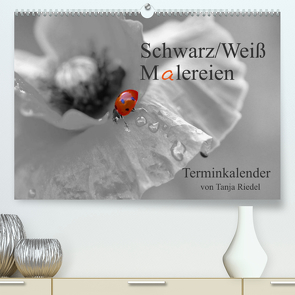 Schwarz-Weiß Malereien Terminkalender von Tanja Riedel für die SchweizCH-Version (Premium, hochwertiger DIN A2 Wandkalender 2022, Kunstdruck in Hochglanz) von Riedel,  Tanja
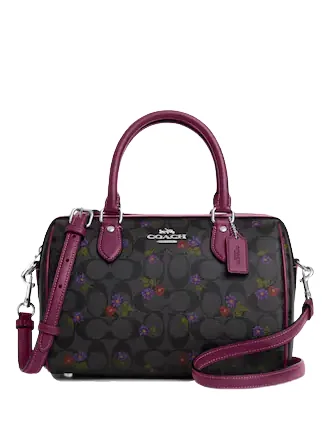 Coach crossbody bags with a detachable coin purse for added functionalityCoach Rowan Satchel In Signature Canvas With Country Floral Print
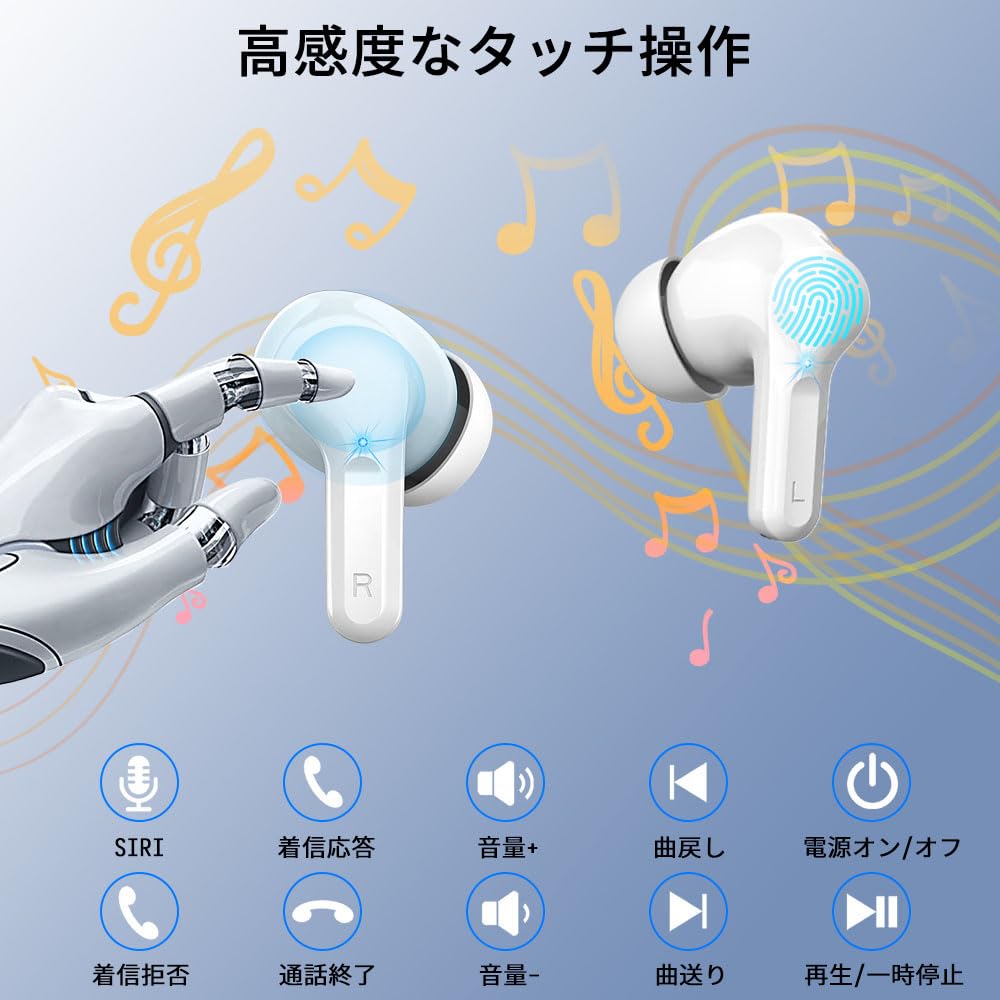 2024 Wireless Bluetooth Up To 42 Hours of Dual Bluetooth ENC Noise LED IPX7 Touch Compatible with Japanese Instruction Manual Included Earbuds,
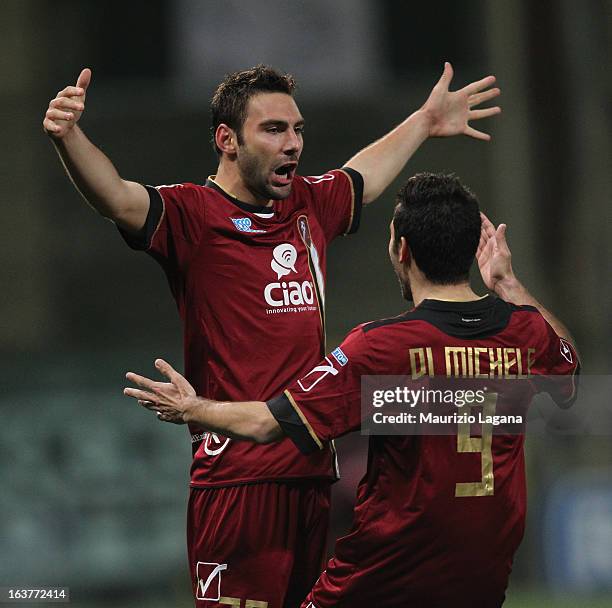 Gianmario Comi of Reggina Calcio celebrates after scoring the opening goal during the Serie B match between Reggina Calcio and AC Cesena at Stadio...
____________
TO DO
The line containing "2024 Wireless Bluetooth" and every line after it, through the end of the material above, are to be printed exactly; no pictures belong in the output.

RESPONSE FOR THIS EXERCISE
 2024 Wireless Bluetooth Up To 42 Hours of Dual Bluetooth ENC Noise LED IPX7 Touch Compatible with Japanese Instruction Manual Included Earbuds,
 Gianmario Comi of Reggina Calcio celebrates after scoring the opening goal during the Serie B match between Reggina Calcio and AC Cesena at Stadio...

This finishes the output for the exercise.